In general, there are seven current methods/technologies for conducting on-line research projects. These range from the most basic, least costly methods (e.g., text e-mail) through highly sophisticated, and relatively expensive forms:
– e-mail (text);
– bulletin boards;
– Web HTML;
– Web fixed-form interactive;
– Web customized interactive;
– downloadable surveys;
– Web-moderated interviewing: chat interviewing and other discussion formats (qualitative).
One of the earliest methods for conducting surveys over the Internet or over a company’s internal system (intranet) is the simple text-based e-mail survey. These surveys can be generally thought of as on-line paper-and-pencil surveys.
Like a traditional mail survey, there are few, if any, interactive controls or logic testing. The whole survey can be seen by the respondent at once; there is no ability to screen out unqualified or security-risk respondents during the survey. Respondents can change their answers at any point in the survey and can actually change the wording of the questions to reflect what they feel is a “better question.”

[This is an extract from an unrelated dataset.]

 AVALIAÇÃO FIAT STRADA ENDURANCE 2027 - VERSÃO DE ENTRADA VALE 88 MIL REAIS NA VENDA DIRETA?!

Early forms of text e-mail surveys had no automated data accumulation. This meant that the researcher had to receive the e-mails, print them out and re-enter the data into standard database format. Newer software allows the researcher to encode a survey for semi-automatic data accumulation as the return e-mail is received.
On the plus side, e-mail surveys are very easy, cheap and very fast. Almost anyone can do e-mail surveys with little or no formal training. The costs are very low and the return speed is very fast. (In some cases, we’ve seen e-mail surveys completed and returned within 12 minutes of the initial sending.)

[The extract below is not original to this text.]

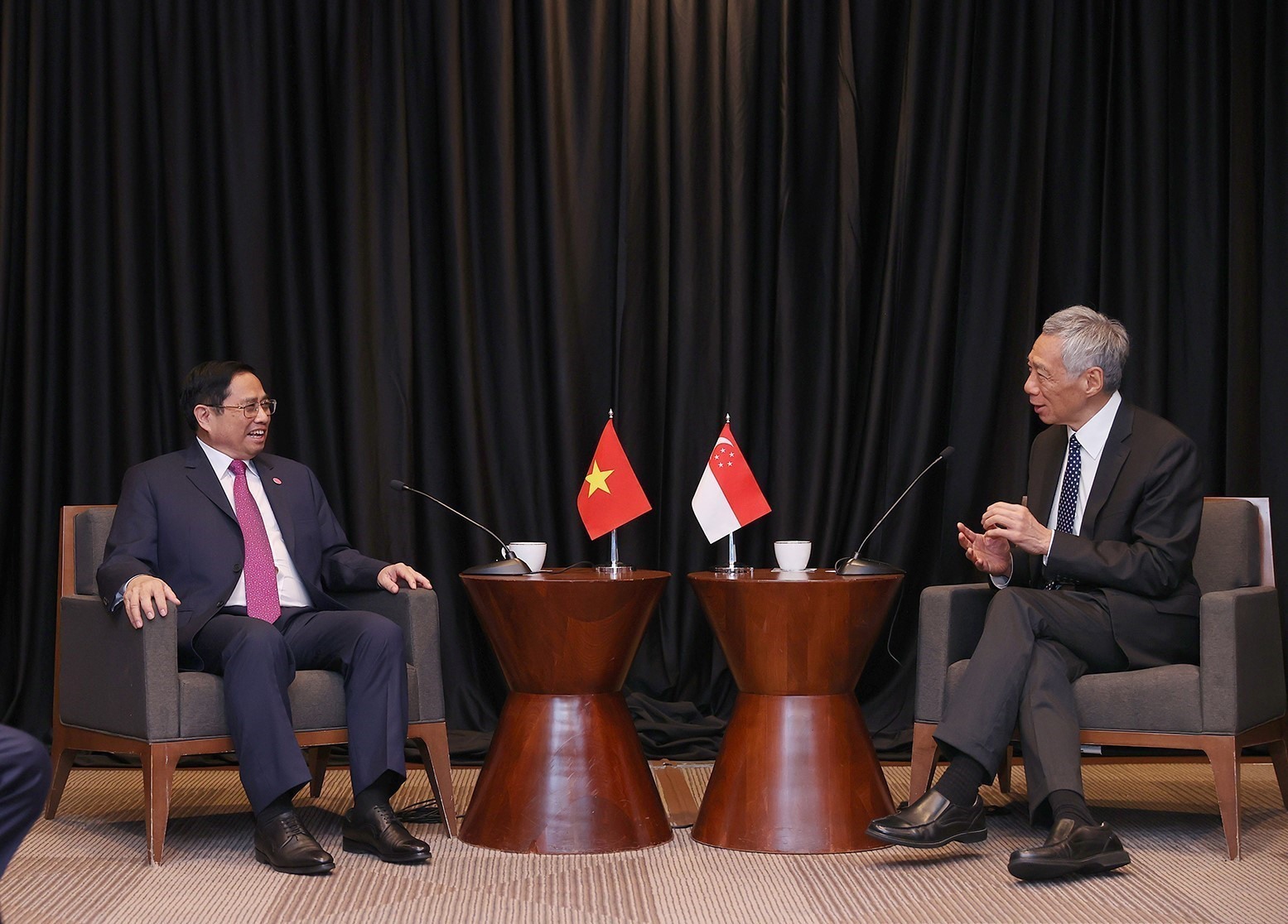 Việt Nam - Singapore hợp tác giải quyết các thách thức của ASEAN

The ideal use of this form of on-line research seems to be for internal corporate surveys. This is primarily because these audiences tend to behave better (e.g., follow instructions, fill-in relevant information, skip questions that don’t apply, not change questions, etc.) than external audiences. Even with these groups, an e-mail survey should be short (i.e., less than 20 questions). When respondents have been asked about likelihood to participate in future surveys using various on-line techniques, e-mail has the lowest rate of future participation interest. When probed for reasons as to why future participation likelihood is low, “too boring” is a frequent comment attributed to e-mail surveys.
Another on-line research form that falls into the “moderately easy, fast and inexpensive” category is bulletin board research. Bulletin board conferences are useful for a “modified Delphi method” for collecting responses over time. The technique involves inviting people to a specific Web site where a discussion topic is posted. As people respond to the question(s), others can eventually see what others have written and respond to the original responses. In this way, the thread of the conversation weaves back and forth like a slow-motion focus group.

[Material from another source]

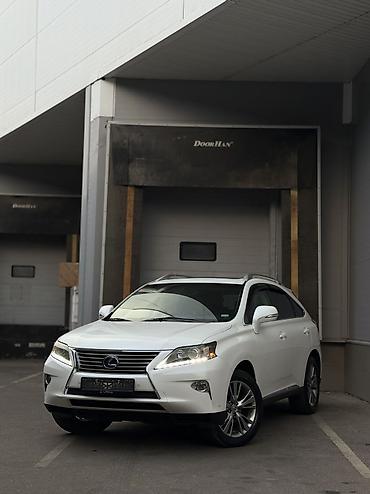 rx 2017: Lexus RX: 2013 г., 3.5 л, Вариатор, Бензин, Кроссовер — 1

Putting up a bulletin board is not difficult, but does take more skill than creating an e-mail survey. Unlike other forms, there is no automated data accumulation of which we are aware. Consequently, the cost of this technique is somewhat higher than e-mail – particularly due to the time needed to handle the comment transcripts and code responses for any quantitative appraisal. Although graphics and other visual stimuli can be incorporated in the original question, the format of the reply system is fixed and not very flexible.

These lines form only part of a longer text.